Residents see fewer trick-or-treaters than years past


Photo Credit: Ann Butler

Laurent Shiels’ haunted house raised $700 this year for the ambulance corps.

by Ann Butler, Staff Writer

Despite stocking up on candy, expecting large groups of trick-or-treaters, many Glen Rock houses saw fewer trick-or-treaters than years past.

Local Glen Rock resident and parent, Penny Carling, cited superstorms Sandy and Irene as the main reason for the abrupt decrease in foot traffic on her street.

“I love Halloween, but since those two storms a few years ago, I haven’t seen the same numbers as I used to,” she said.

Laurent Shiels is a senior who runs a haunted house in his garage every year. Both he and Carling agree that a child’s age at the time of the storms would be a factor. A five year old at the time of Hurricane Irene would be unable to trick-or-treat again until he or she were seven, making the boy or girl unaware of the tradition and confused as to it’s purpose.

Due to the heightened popularity of “trunk or treat” events being held across town, young children get their Halloween fix through a more controlled environment, before the actual holiday. Older kids spend their time at a series of house parties over “Halloweekend,” when it is easier to get all of their friends together, as opposed to coordinating meeting places with others while trick-or-treating.

“I didn’t dress up for school,” Shiels said, “But if I had been free to go to a Halloween party instead of at the haunted house that whole week, I probably would have dressed up.”

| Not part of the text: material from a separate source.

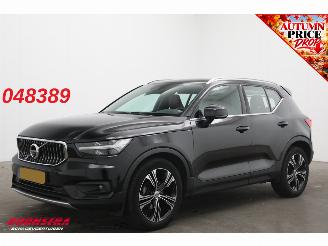uszkodzony samochody osobowe Volvo XC40 1.5 T3 Inscription 360° ACC SHZ Leder LED Navi 2018/6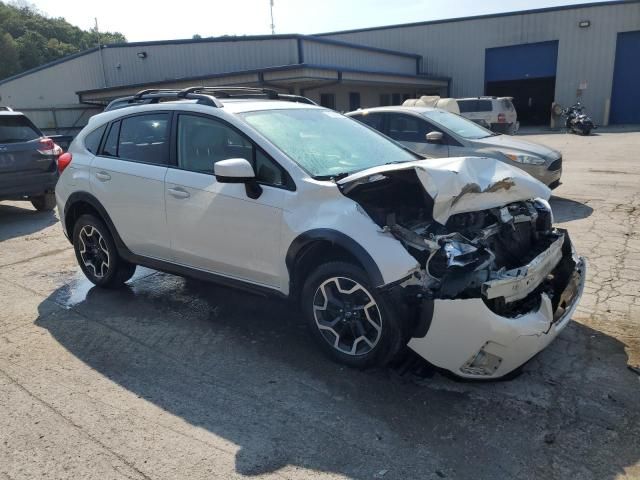 2016 Subaru Crosstrek Premium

The tradition of a classwide senior girl costume was retained this year, despite some debate concerning theme. “I was waiting to be a part of it for all of my four years, and even if I didn’t enjoy the costume, I still wanted to participate,” said senior Danielle Felicioli.

“I think it’s sad because Halloween was a big part of my childhood,” Felicioli said, “but in the past few years, we’ve hardly even had a Halloween.”

“I think people will pick the festivities back up in a few years, once people start to miss it a little more. It’s such a classic and fun holiday that I can’t imagine it staying so minor for long,” said Carling.